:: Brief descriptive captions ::
··········

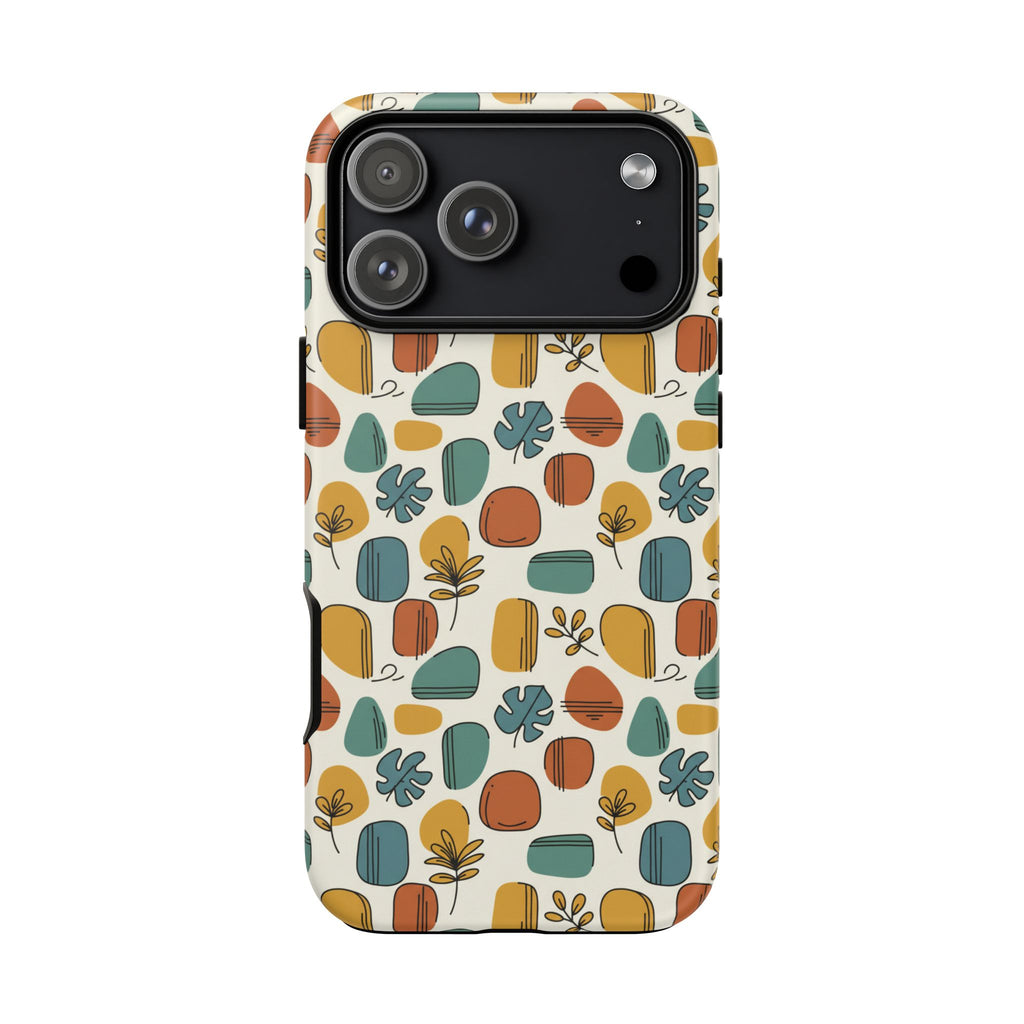 Botanical  Phone Case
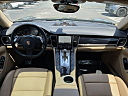 Thumbnail image of 2016 Porsche Panamera at EurobahnBmwMiniMercedesBenz of Greensboro, NC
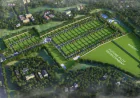 Prestige Pulimamidi | Luxury Plotted Development Project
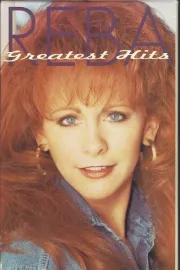 Reba McEntire Greatest Hits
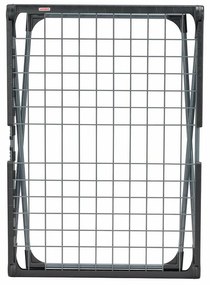Leifhfeit Sušiak na bielizeň Pegasus 180 Solid Black 81589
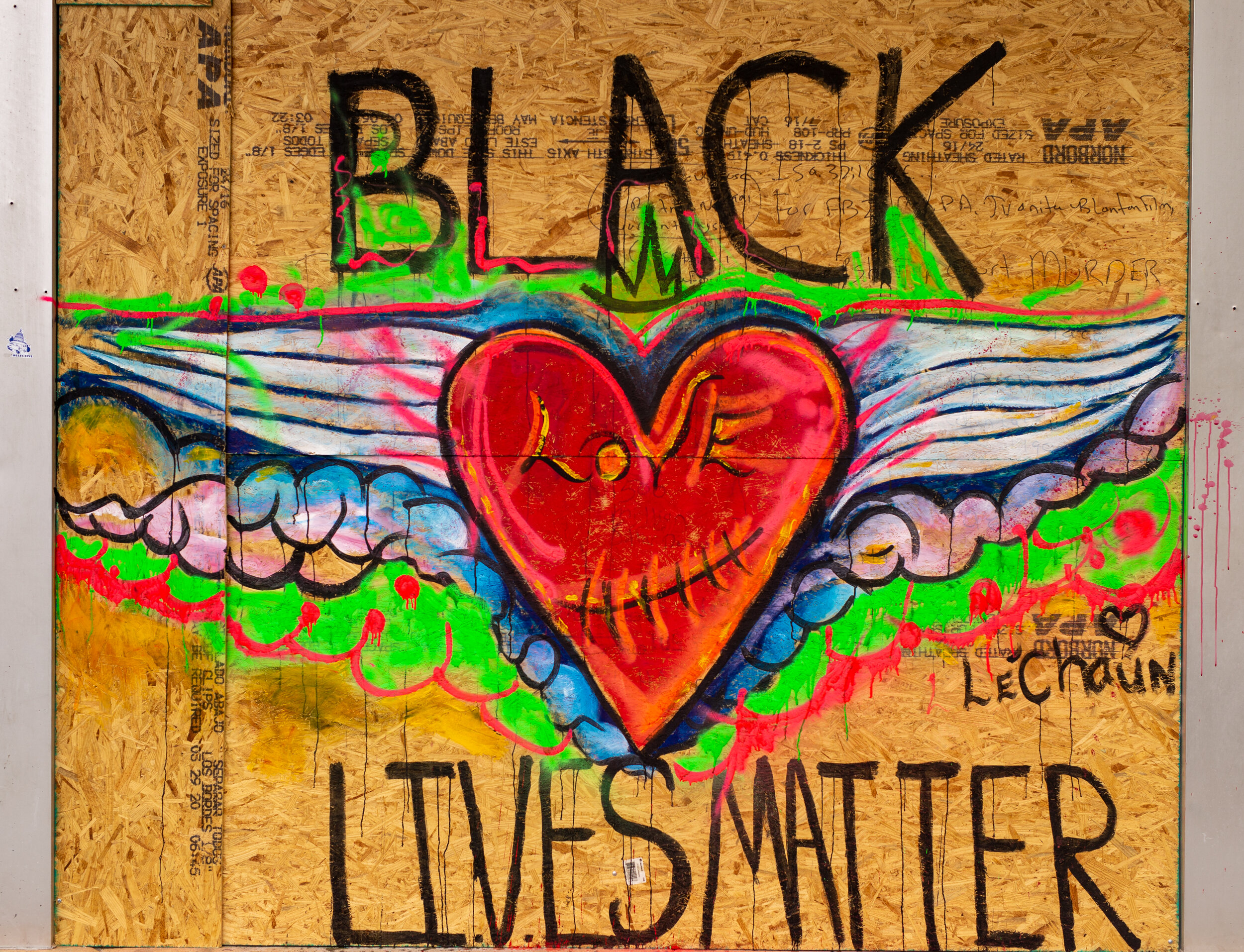 20200508_BLM_web-4.jpg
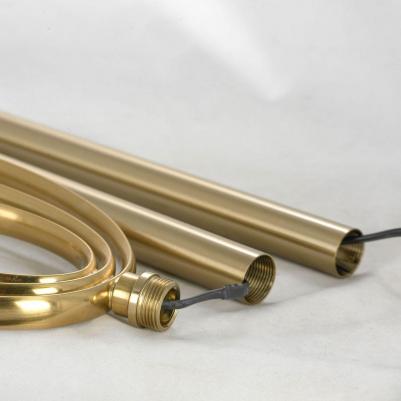 LSP-0620 – фото 4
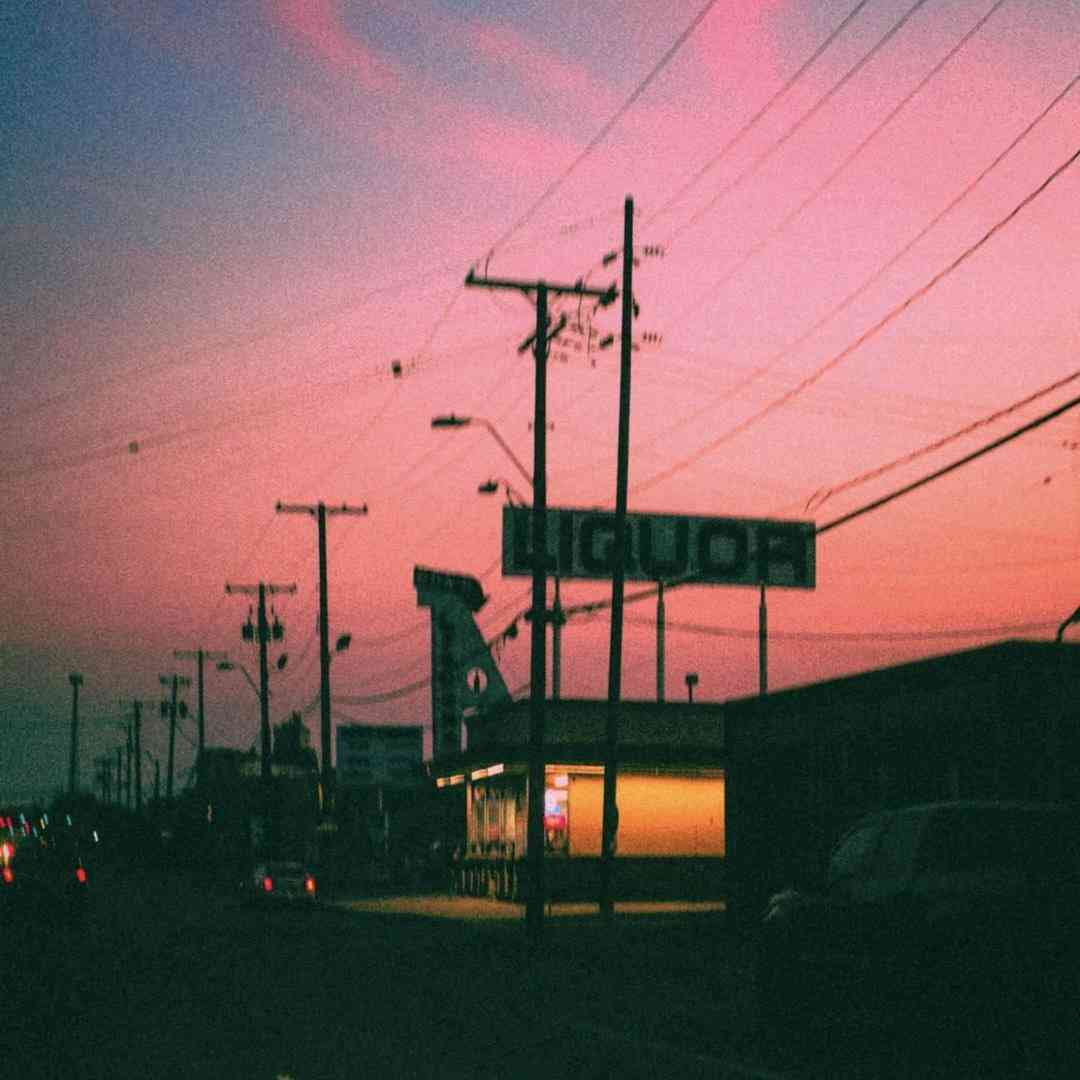 دانلود ریمیکس دیجی سجاد به نام مادر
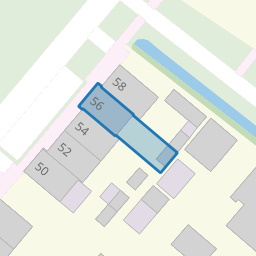 Perceel RTV00-B-4664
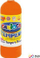Ngjyrë tempera Carioca, 1000 ml, portokalli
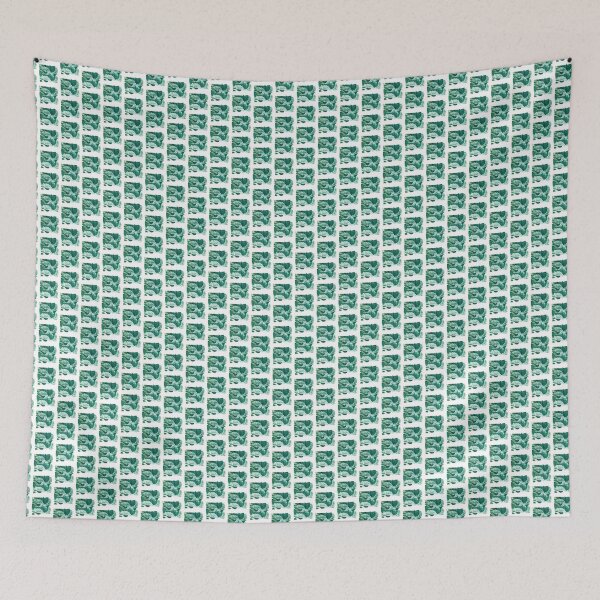 Item preview, By the Ocean designed and sold by BlushingNative.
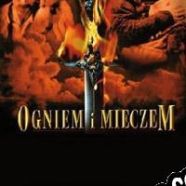 Ogniem i mieczem (2000/ENG/Español/RePack from PHROZEN CREW)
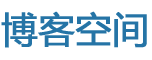 睢宁县新闻网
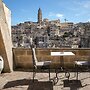 Locanda di San Martino Hotel & Termae Romanae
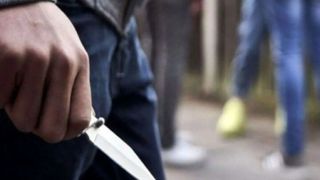 توضیحات پلیس درباره شروری که مقابل دانشگاه چاقوکشی کرد توضیحات پلیس درباره شروری که مقابل دانشگاه چاقوکشی کرد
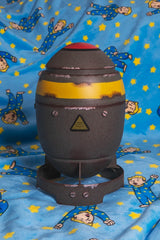 Fallout ミニ・ニューク バケット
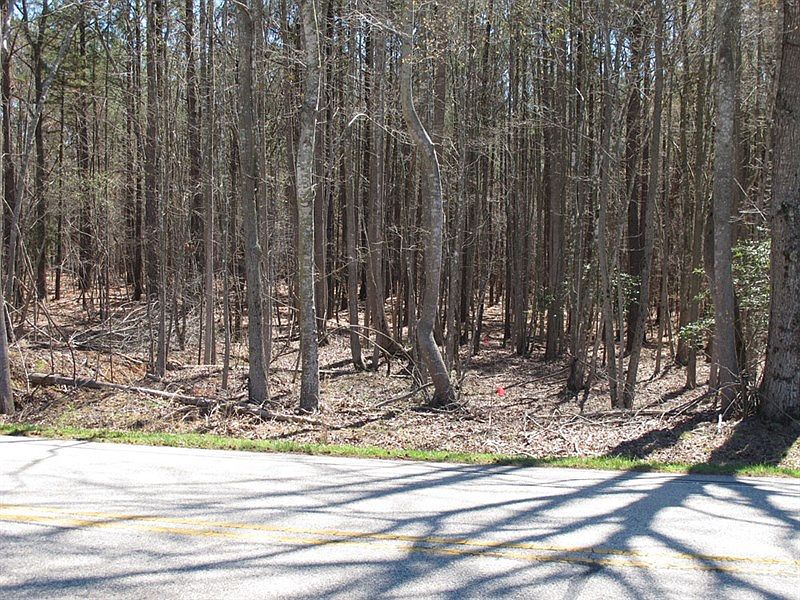 1st image of 8428 State Highway 42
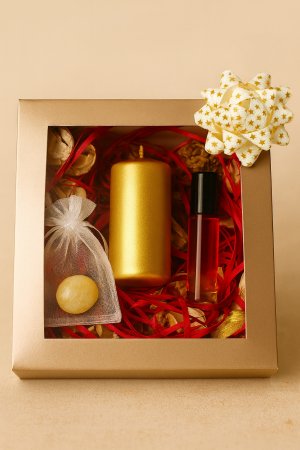 💰 3. ARANYKAPU - Image 3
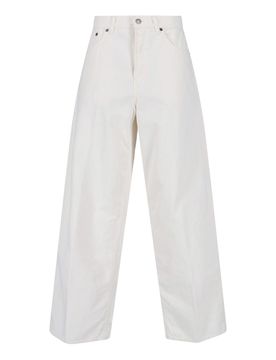 Haikure Jeans Amp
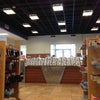 24 Hour Fitness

··········

:: Exercise goal ::
Among the entries above, take the lines from the one with "Perceel RTV00-B-4664" through the one with "Locanda di San" and retype them exactly, leaving out the pictures.

:: Response to this exercise ::
 Perceel RTV00-B-4664
Ngjyrë tempera Carioca, 1000 ml, portokalli
 Item preview, By the Ocean designed and sold by BlushingNative.
 Ogniem i mieczem (2000/ENG/Español/RePack from PHROZEN CREW)
 睢宁县新闻网
 Locanda di San Martino Hotel & Termae Romanae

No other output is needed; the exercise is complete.